# Just Enough Python for AI/Data Science
#### Module 7

**Introduction to Popular Data Science Libraries**
___
> In this module, you’ll get a sneak peek at the three “celebrity guests” of Python’s data science universe: NumPy for numeric computing, pandas for data wrangling, and matplotlib/seaborn for visualization. The idea is to show that with just the Python basics (plus these libraries), you can already do some powerful data tasks—without diving deep into actual ML modeling quite yet.

##### Overview:
- This module serves as a crash course in the essential data science libraries: NumPy, pandas, and a sprinkle of matplotlib/seaborn for plotting.
- By the end, you’ll know how to install them, do some basic manipulations, and create simple visuals. Think of it as a gateway into the magical world of data analysis.

**1. NumPy: Your High-Speed Number Cruncher**
- NumPy arrays are like Python lists on steroids—faster operations and built for math.
- Example:

In [1]:
import numpy as np

my_array = np.array([1, 2, 3, 4])
print(my_array * 2)  # [2, 4, 6, 8]
print(my_array.shape)  # (4,)


[2 4 6 8]
(4,)


- Broadcasting, slicing, and various math functions are where NumPy really shines.
- Example: If you have two arrays of the same shape, you can manipulate them element-wise easily.

**2. pandas: DataFrames for the Win**
- pandas gives you the beloved DataFrame structure, which is basically a supercharged spreadsheet in code form.
- A typical workflow:

In [None]:
import pandas as pd

# Read data from a CSV
df = pd.read_csv("sample_data.csv")
print(df.head())  # See first few rows

# Basic info
print(df.info())

# Simple summary stats
print(df.describe())

- You can filter, group, sort, pivot, merge—it’s your Swiss Army Knife of Data.
- Perfect for quick exploration and a must-have in data science and AI projects.

**3. matplotlib & seaborn: Drawing Pretty Graphs**
- matplotlib is the fundamental plotting library—great for custom charts.
- seaborn (built on matplotlib) provides prettier, more “statistically-minded” plots out of the box.
- Example:

In [None]:
import matplotlib.pyplot as plt
import seaborn as sns

sns.set()  # Make seaborn your default style

# Suppose 'df' from above has columns 'Age' and 'Salary'
plt.scatter(df['Age'], df['Salary'])
plt.title("Age vs Salary")
plt.xlabel("Age")
plt.ylabel("Salary")
plt.show()

**A Fun Mini Project (Combining Everything)**
- Load a CSV using pandas.
- Get some basic stats (df.describe()).
- Clean up any missing values (e.g., df.dropna()).
- Convert a column into a NumPy array to do a quick math operation (like scaling).
- Finally, plot a histogram of one numerical column or a bar chart of some category distribution.
- Show that all this is possible with “just enough Python” plus these libraries.

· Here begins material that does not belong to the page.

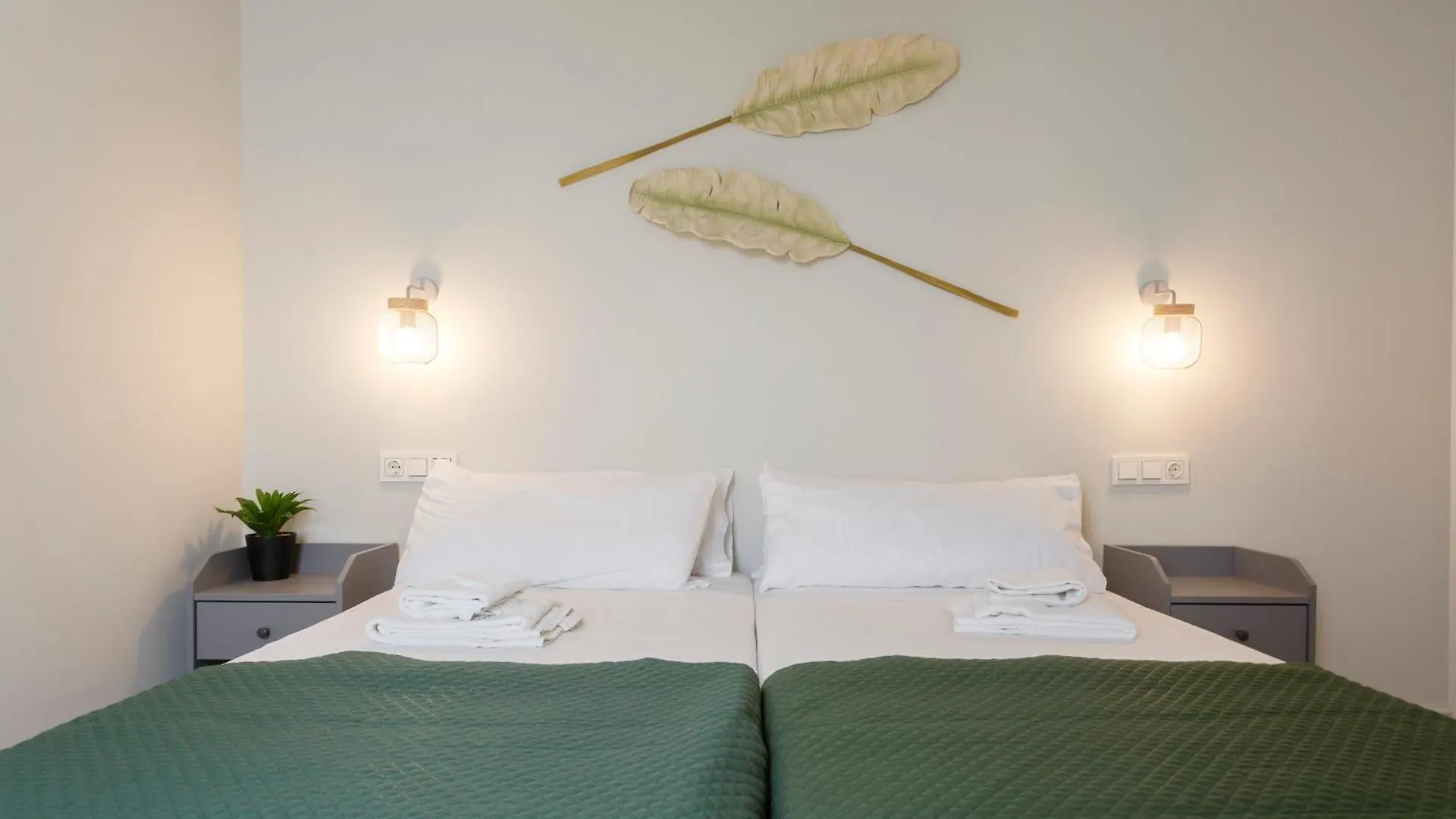 Casa Manuel De Falla By Cadiz4Rentals Apartament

**Installation & Quick Tips**
- Installation: pip install numpy pandas matplotlib seaborn (or use conda install if you’re in the Anaconda ecosystem).
- Check versions if weird errors occur: sometimes an update on one library can cause a chain reaction.
- Start simple: load a small CSV with around 100 rows, not a massive 10GB dataset.